Re: RAID6 : Sequential Write Performance

Song Liu <liu.song.a23@xxxxxxxxx> · Fri, 15 Feb 2019 15:15:21 -0800

On Fri, Feb 15, 2019 at 8:36 AM Roy Sigurd Karlsbakk <roy@xxxxxxxxxxxxx> wrote:
>
> >> Greetings !
> >>
> >> I created a MD RAID6 with a 512KiB chunk size out of 12 8TB drives, no internal
> >> bitmap and no journal on quad xeon gold 6154 running kernel 4.18 (Ubuntu
> >> 18.04.1) and set FIO to do a 1TiB sequential write to the device with a block
> >> size of 5M, 3 processes and a QD of 64.

Why using 3 processes?

> >>
> >> Each drive being able to achieve 215MiB/s at the beginning of the drive, I
> >> expected the output to be somewhere around the 2GiB/s mark at the beginning of
> >> the raid array.
> >> After setting stripe_cache_size to 32768 and group_thread_cnt to 2, I only got
> >> an average 1.4GiB/s out of my array and the throughput wasn't very stable.

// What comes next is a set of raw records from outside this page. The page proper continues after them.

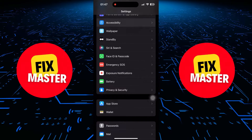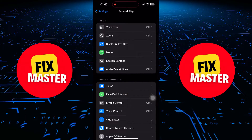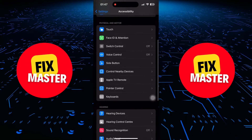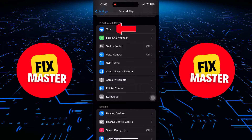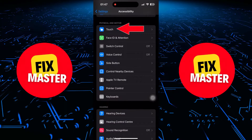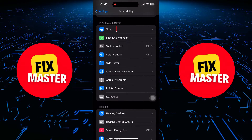Once you're in the Accessibility menu, look for a section under Physical and Motor called Touch. Go ahead and tap on Touch to access its settings.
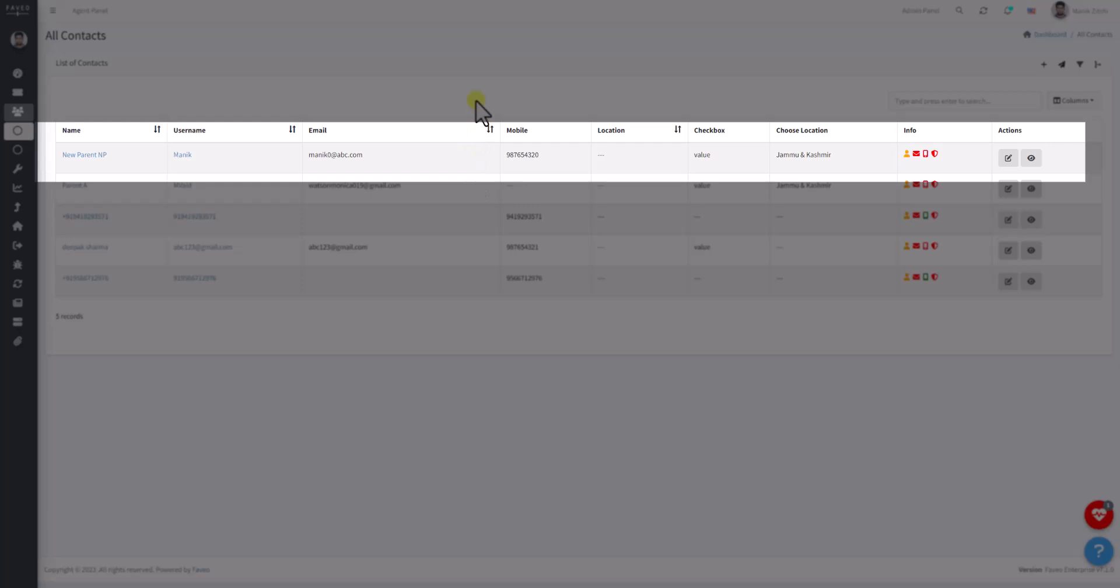Child 1 and Child 2 have been merged with the parent contact. Child contacts are deleted, but their values that are not present in the parent contact will be saved. Click on the View icon.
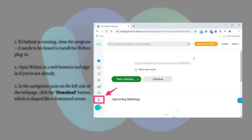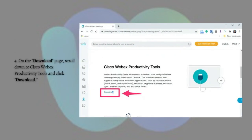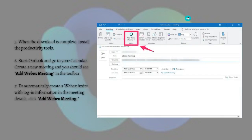click onto the download button which is shaped like a downward arrow, right here as shown in the photo. After that, on the download page just scroll down to Cisco WebEx Productivity Tools and click on the download button, which is right here as shown again.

Bigger stripe_cache_size may not always give better performance. Same for
group_thread_cnt. Some more tuning may give better performance.

> >>
> >> I did the same test against a hardware raid controller, the Broadcom MegaRAID
> >> 9480-8i8e, and it managed a nice flat 1.9 GiB/s.
> >>
> >> I expected a modern cpu to easily win over a hardware controller but that wasn't
> >> the case.
> >> Am I missing something ?
> >
> > At a wag... the 4GB ram cache on the raid card causing it to appear as
> > if the disk access is faster?
> >
> > I have to be honest, I've long since given up trying to test the
> > performance of raid formats/layouts/chunks/etc... due to the multiple
> > ways the system can "do stuff" that changes the results with even the
> > exact same manual style tests. Then again, my workloads tend to be "good
> > enough, is good enough". I guess, however, someone needing a high speed
> > file server bonded 10Gb links to multiple workstations running video
> > file editing software would be a whole different ballgame.
>
> Well, something is bound to be wrong here when a RAID card is faster than using a far faster CPU for the work, with faster memory etc. Does anyone know how this can be debugged or fixed? Is there a possibility to choose which to use from SSE/AVX?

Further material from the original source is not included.